By then, Frankenstein was an international phenomenon. Mary Shelley, who could not bring herself to attend Percy’s pyre on the shores of Italy, was a mere 24-years-old.

Because Frankenstein posits the medical possibility of electrifying tissues to life and succeeding, critics credit Mary Shelley’s masterpiece as the first true work of science fiction. For whatever reasons, over time the two main characters, Dr. Victor Frankenstein and his Creation, became confused, with folks mistakenly referring to the Creature as Frankenstein.
There’s a subtle poetic justice in that misnomer, though, because Mary Shelley portrayed Victor Frankenstein as the worst possible example of man: he wants the glory of knowing he can do the work of God yet wants none of the responsibility of being both father and god to his unattractive creation. Instead of loving his child, Victor Frankenstein rejects the Creature based on appearances, denying the Creature’s basic needs for love and belonging. The Creature, with his childlike innocence, loves Frankenstein faithfully, unquestioningly, confused by his creator’s disgust and abandonment. Creature Frankenstein, orphaned by his father, warps into a brute as he is brutalized by the cruelty of man. His name changes to “demon” or “monster” in the novel as he traverses the world in vengeance, resorting to murder.
So, society has done for Dr. Frankenstein what he could not do for his own son: claimed the creature as his own.

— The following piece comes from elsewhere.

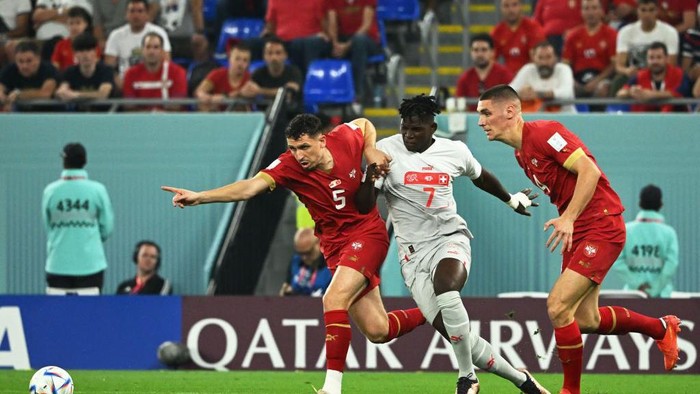 Switzerlands forward #07 Breel Embolo fights for the ball with Serbias defender #05 Milos Veljkovic and Serbias defender #04 Nikola Milenkovic during the Qatar 2022 World Cup Group G football match between Serbia and Switzerland at Stadium 974 in Doha on December 2, 2022. (Photo by Ina Fassbender / AFP) (Photo by INA FASSBENDER/AFP via Getty Images)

Famed Yale literary critic Harold Bloom scathingly notes Victor Frankenstein is a “moral idiot” and a fitting archetype for our present time as he is a man who cannot comprehend his role in the consequences of his actions. The demon, Bloom writes, is superior to Frankenstein in feeling, which Mary Shelley biographers have noted must have been a feeling she knew too well in the company of Percy and Byron.

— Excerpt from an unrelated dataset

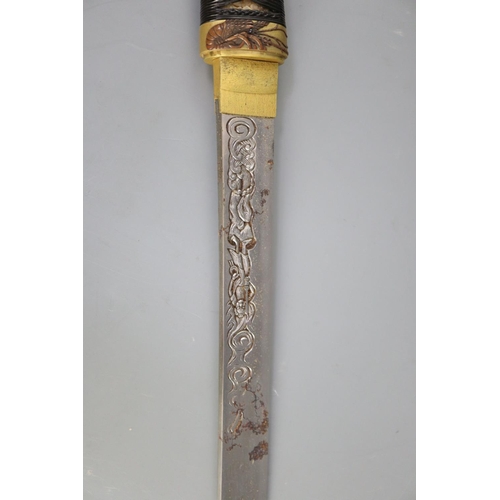 19 - A fine Japanese 'sea creatures' tanto, Meiji period, the saya lacquered to simulate wood grain and g...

In the end, Mary Shelley, at 18 years old, penned the horror of the human heart, of rejection and the ways withholding love and kindness turn innocence and childlike curiosity into a corrupted and destructive spirit.
But if it’s true that to err is human and to forgive is divine, it’s worth noting that at the end of the novel, after the monster has killed Victor Frankenstein, he anguishes over his father’s body. He asks for forgiveness. By the end of the tale, we can be certain that if roles had reversed, the doctor would never have stood over the creature’s body begging for the same.
What that suggests is pretty terrifying.